* What is being asked *
All lines from the one holding "Набор Park Tool" through the last line of the entries below must be transcribed exactly, and no others. Pictures do not go in.

---- Data under study

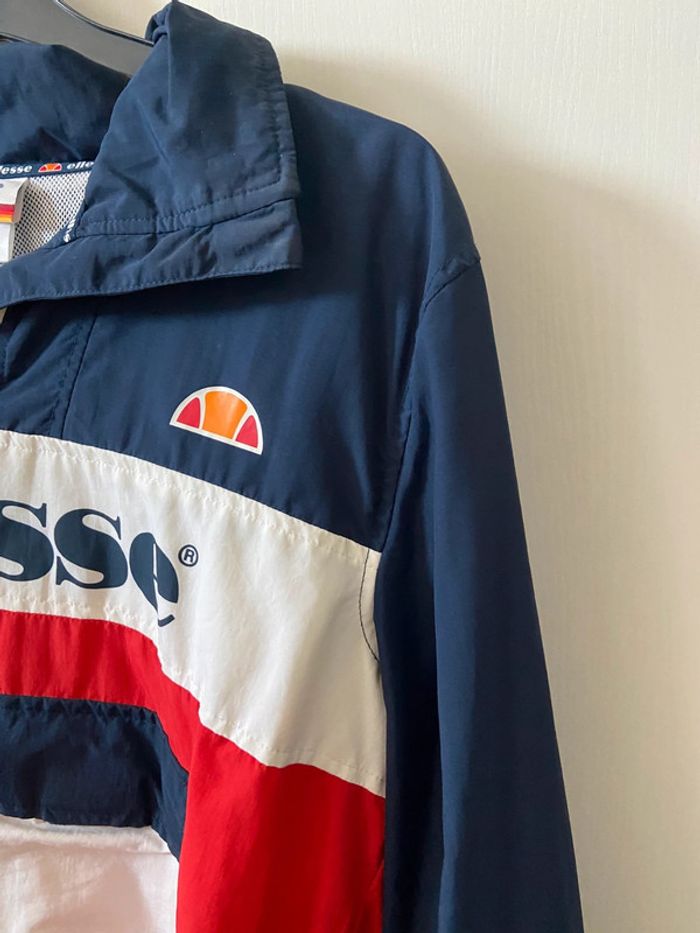 Veste Kway Ellesse - photo numéro 3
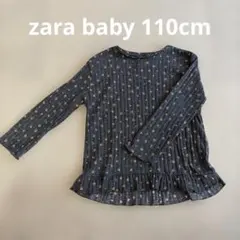 zara baby 長袖トップス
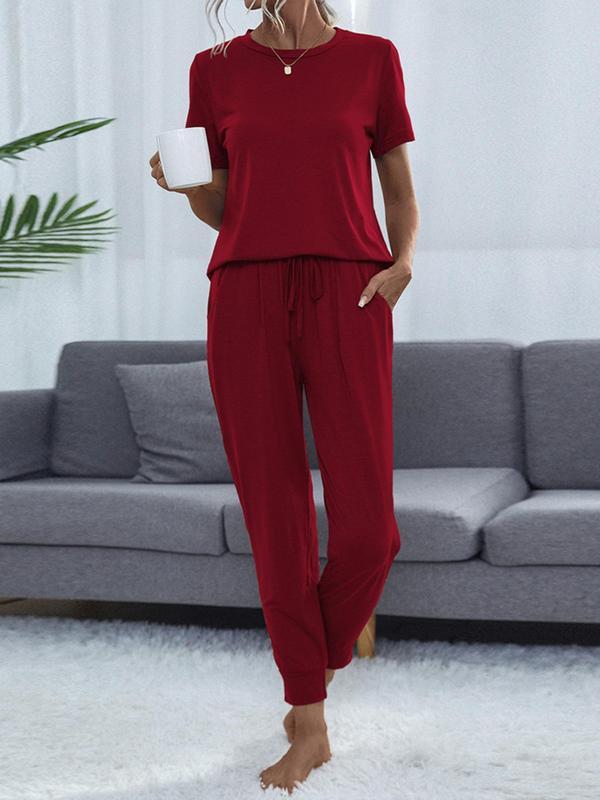 Clarice | Stylish Knit Lounge Ensemble for Everyday Wear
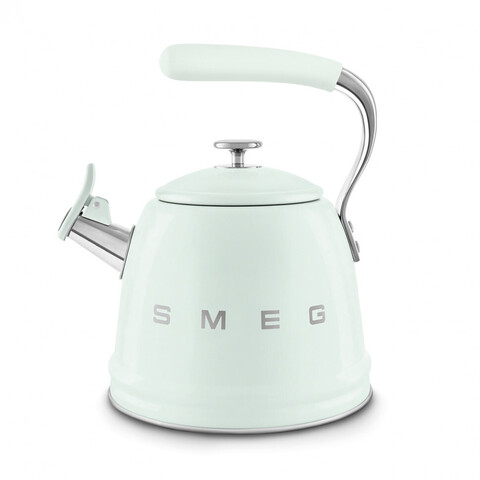 SMEG CKLW2001PG Чайник со свистком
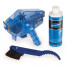 Набор Park Tool для чистки цепи, машинка, щетка, очиститель PTLCG-2.3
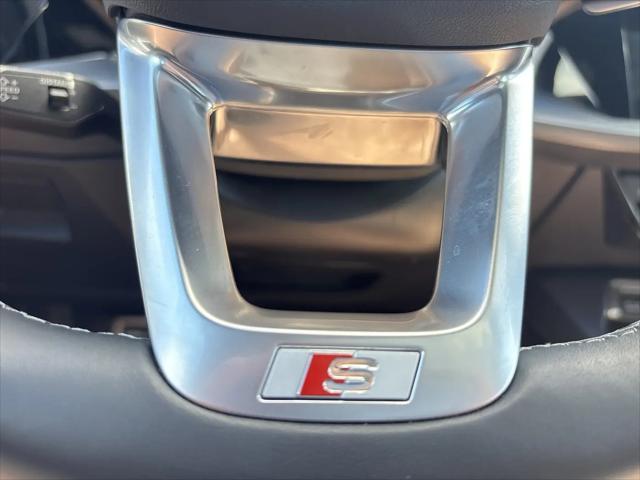 2025 Audi S3 Prestige TFSI quattro S tronic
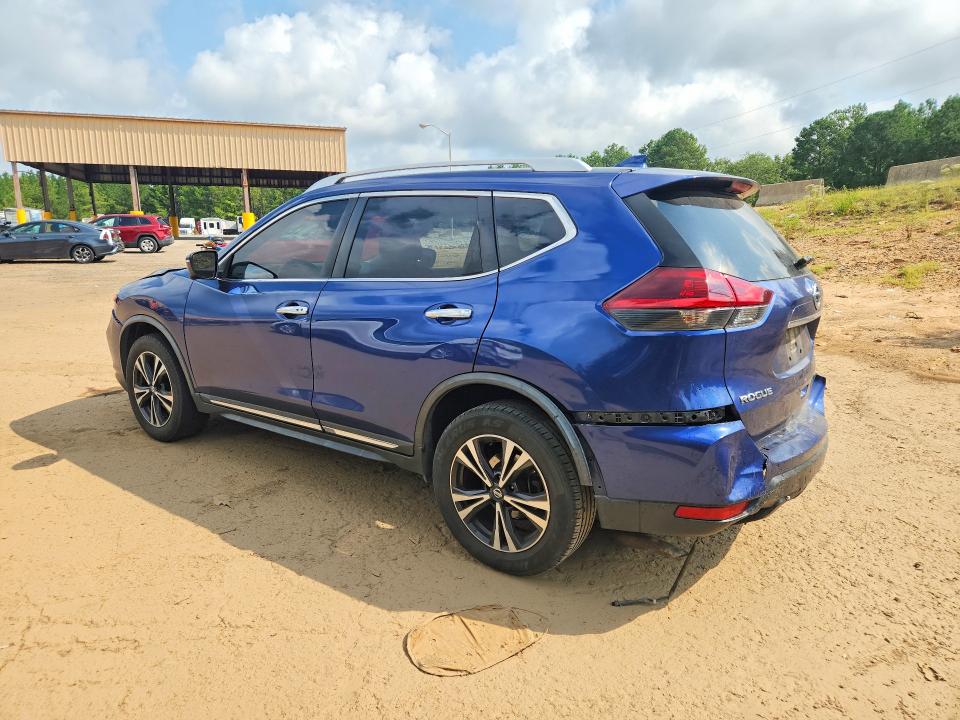 2018 Nissan Rogue მანქანა იყიდება აუქციონზე, vin: JN8AT2MVXJW318224, აუქციონის ნომერი: 66591866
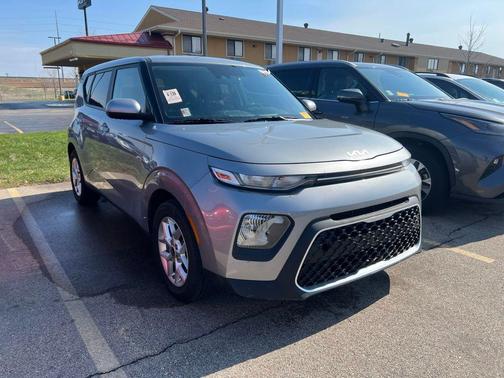 2022 Kia Soul LX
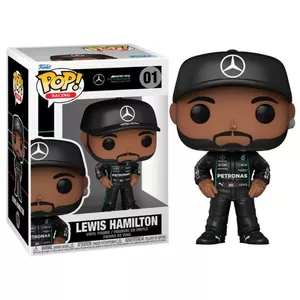 Funko Pop vinila figūra Formula One Lewis Hamilton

--------

* Exercise response *
 Набор Park Tool для чистки цепи, машинка, щетка, очиститель PTLCG-2.3
 2025 Audi S3 Prestige TFSI quattro S tronic
 2018 Nissan Rogue მანქანა იყიდება აუქციონზე, vin: JN8AT2MVXJW318224, აუქციონის ნომერი: 66591866
 2022 Kia Soul LX
 Funko Pop vinila figūra Formula One Lewis Hamilton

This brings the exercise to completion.